*YOUR OBJECTIVE*.
Lines from the one containing "Apartamento para alugar" through the final line of the data, restated word for word and free of pictures, make up the whole answer.

*INPUT DATA*.
*** Block opens ***
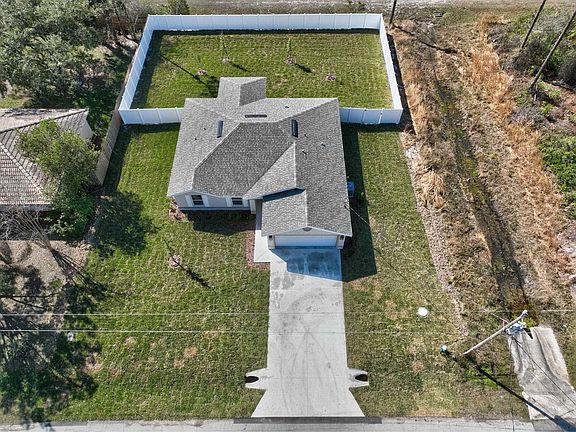 5th image of 26 Ramblewood Dr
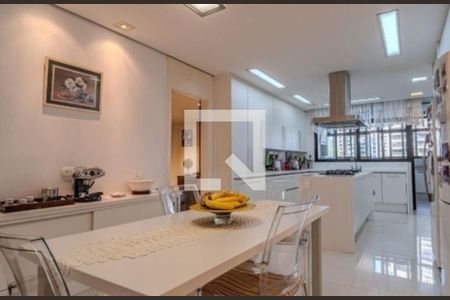 Apartamento para alugar com 4 quartos, 309m² em Santo Amaro, São Paulo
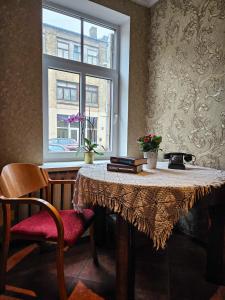 里加Muzeja apartamenti的桌子和窗户,位于带桌椅的房间内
*** Block closes ***
*RESULT FOR THIS TASK*.
 Apartamento para alugar com 4 quartos, 309m² em Santo Amaro, São Paulo
 里加Muzeja apartamenti的桌子和窗户,位于带桌椅的房间内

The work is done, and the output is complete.